A police pursuit through West Allis on Friday turned chaotic when a 15-year-old girl jumped from a moving vehicle, and the fleeing car later crashed into a parked vehicle on W. National Avenue. Three people were taken into custody, and a fourth occupant ran off and remained unaccounted for as investigators tried to sort out how the chase began and how it spun out.
What happened
West Allis officers first spotted the vehicle at S. 92nd Street and W. National Avenue and tried to pull it over, but the car took off eastbound on W. National, according to CBS 58. Police say the vehicle had been reported stolen before the attempted stop.
As the car continued along W. National, a 15-year-old girl from West Allis jumped out near S. 84th Street and W. National and was taken into custody, CBS 58 reported. The pursuit did not end there. Officers followed the vehicle until it collided with a parked car around S. 58th Street and W. National, where they arrested a 17-year-old driver from Waukesha and an 18-year-old back-seat passenger from Milwaukee.

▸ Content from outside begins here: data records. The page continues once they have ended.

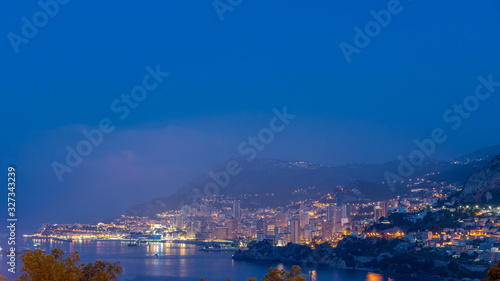 Cityscape of Monte Carlo night to day timelapse, Monaco before summer sunrise.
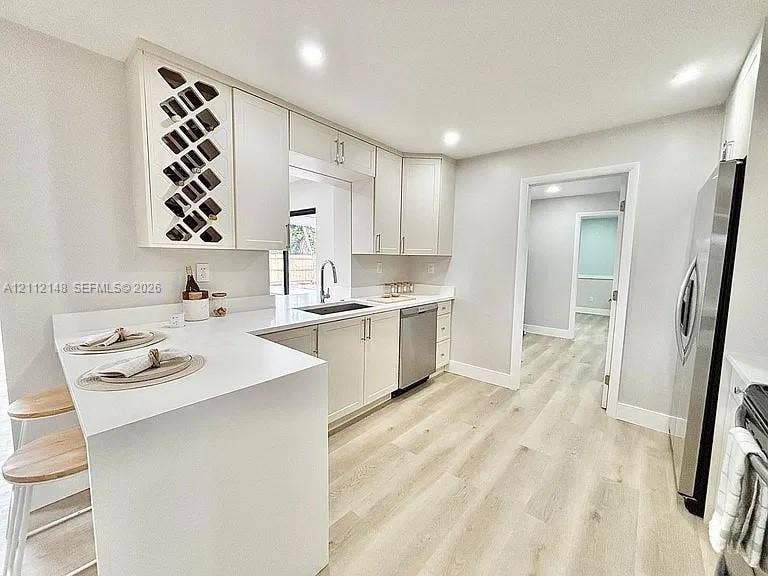 1753 N 16th Court N, Lake Worth, Lake Worth, FL 33460 Kitchen featuring white Shaker-style cabinetry with integrated wine rack, solid-surface countertops, stainless steel appliances, and wood-finish flooring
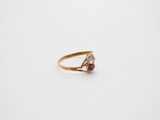 a close up of a ring on a white surface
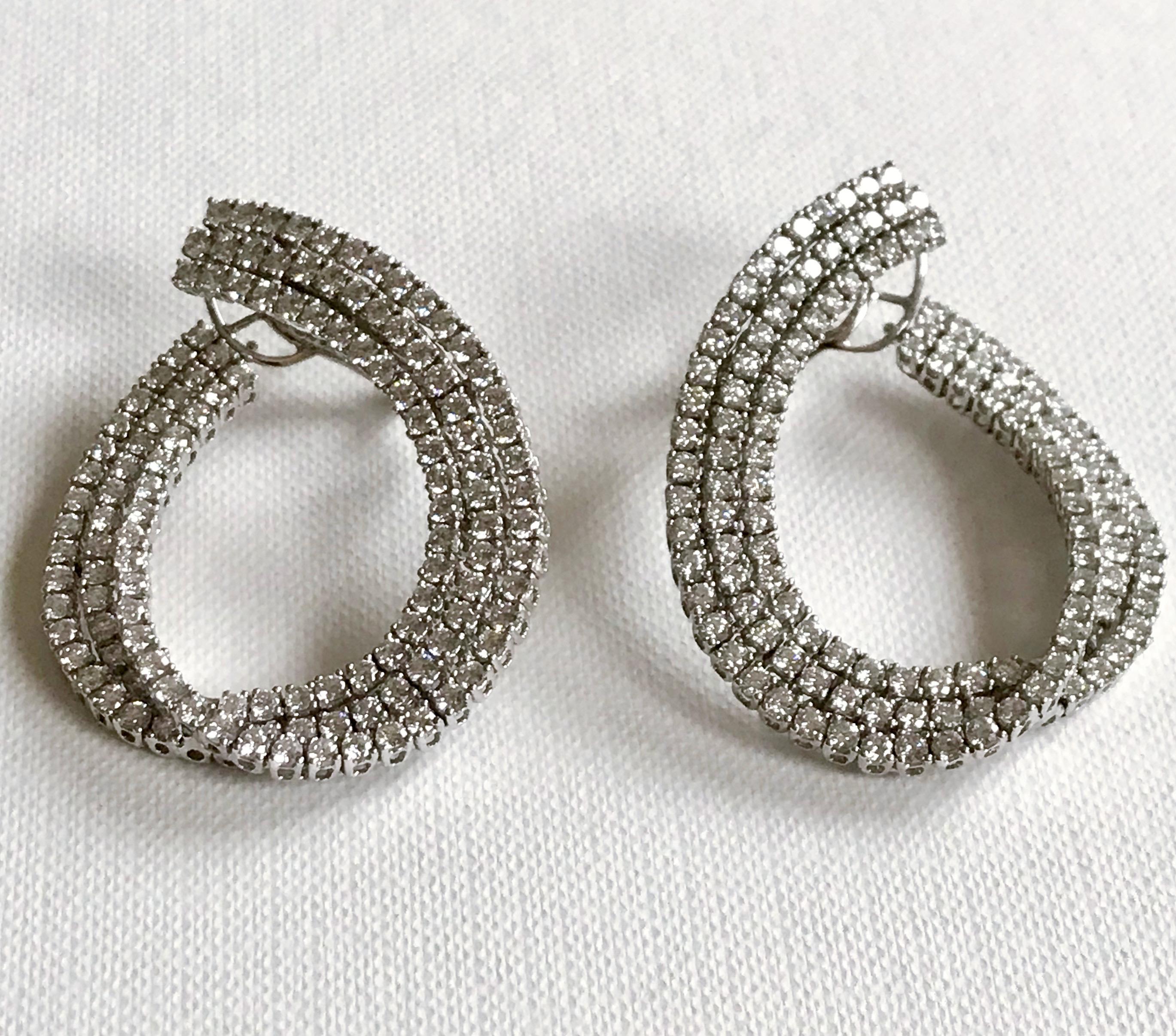 These earrings are made from 18 Karat solid white gold and have been Micro-set with 252 pieces of high-quality white diamonds.
Colour: G, 252.00 pcs. 6.50ct.
Gold's weight: 25.130g 
All our jewellery are new and have never been previously owned or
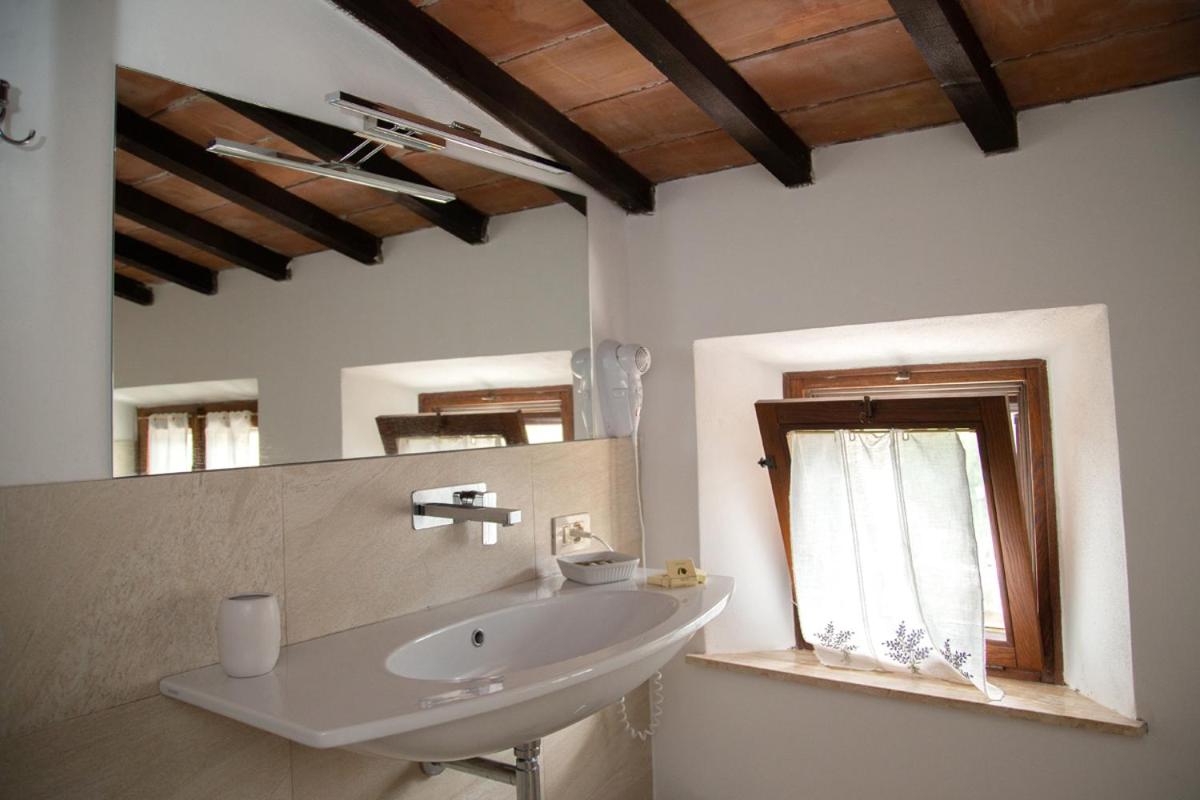 Deluxe Quadruple Room - Photo 6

West Allis police said the investigation is ongoing and that a fourth occupant bolted from the scene and had not been located at the time of the report, according to CBS 58. No immediate charges were announced in the station’s report. Prosecutors are expected to review the case and decide on referrals, including any juvenile processing for the underage occupant.
Chases and policy context
The incident unfolded as Milwaukee-area police agencies continue to wrestle with how and when to chase fleeing vehicles. Earlier this year, Milwaukee police tightened their rules on vehicle pursuits, narrowing when officers can engage and layering in more safety checks, as they clamped down on car chases. Those revisions followed a run of pursuit-related crashes and mounting concern over injuries and civilian deaths.
The department’s Standard Operating Procedure 660 instructs officers to consider road layout, traffic conditions and the number of people inside a fleeing vehicle before deciding whether to keep a chase going, a framework outlined by WUWM. On paper, the goal is to balance catching suspects with not escalating already dangerous situations on busy city streets.